Every October, the American Bar Association creates an annual national spotlight on pro bono through their Celebrate Pro Bono campaign. Justice for Military Families is part of the national pro bono community; we provide pro bono legal services to the families of fallen servicemembers through our partnership with the Tragedy Assistance Program for Survivors (TAPS).
This week, we are featuring the stories of our pro bono volunteers and the work they have been doing for the families of fallen servicemembers through our TAPS partnership.
By Jill K. Soubel, Esq.
As an attorney spouse of an Air National Guard Reservist, I do not often identify as strongly as military as many of my colleagues in Military Spouse JD Network. While deployments are a bi-yearly reality for my family, I have not had to take multiple bar exams or continually look for a new job. When I saw a posting about a TAPS pro bono referral in Philadelphia, I really wanted to step up and help out our extended military family.

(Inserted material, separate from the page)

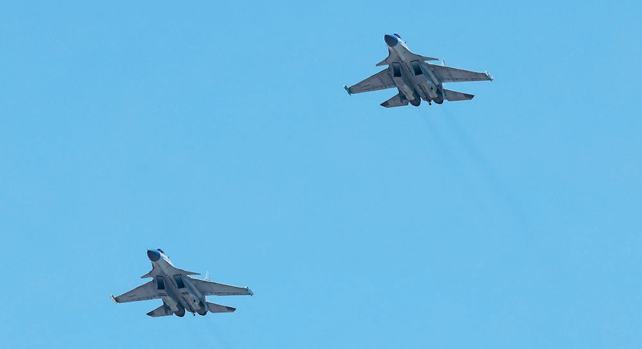 海军航空大学某基地组织飞行训练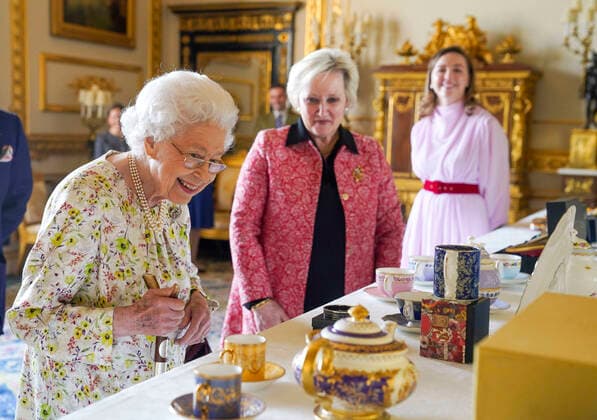 Bilder des Jahres 2022, Entertainment 03 März Entertainment Themen der Woche KW12 Entertainment Bilder des Tages . 24 03 2022. Windsor, United Kingdom. Queen Elizabeth II at Windsor Castle.Queen Elizabeth II views a display of artefacts from British craftwork company, Halcyon Days, to commemorate the company s 70th anniversary in the White Drawing Room at Windsor Castle,  xPoolx xi-Imagesx IIM-23245-0008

The only problem was that this was a landlord/tenant dispute and I practice immigration. The TAPS client, the mother of a Marine who died while on active duty, is opening a business in honor of her fallen Marine. She invested a considerable amount of time, money, and love into renovating the business premises for the intended purpose, falling behind on the rent in the meantime. The landlord was seeking eviction just when the business had secured all the necessary licensing to open.
Determined to help, I reached out to my attorney network in Philly and found a mentor to walk me through the landlord/tenant court procedures. I met with the client, who was not only a lovely, honest woman but also organized. She arrived at my office with a can-do attitude and a big box of receipts. After our meeting, she went home to put together her exhibits while I meditated on our arguments and tried to summon my litigation chops, now dormant for almost eight years.
The morning of the hearing, my client arrived on time with a glorious Excel spreadsheet and numbered exhibits. I could not have wanted more. We entered pre-hearing mediation with the landlord, and they were able to work out a good solution to keep her in the building and the landlord to benefit as well. The hard-of-hearing, octogenarian mediator may well have had a hand in frustrating the landlord to the point of wanting to work things out!
With the complaint withdrawn, both parties left feeling positively about their agreement. Overall, I had one of my favorite experiences as an attorney: feeling as though the preparation with the client made my interference nearly unnecessary.
In the end, I am so glad that I stepped out of my comfort zone to help a military family, and now am proud to say that I have the smallest of hands in a valiant Marine’s legacy. Semper fi.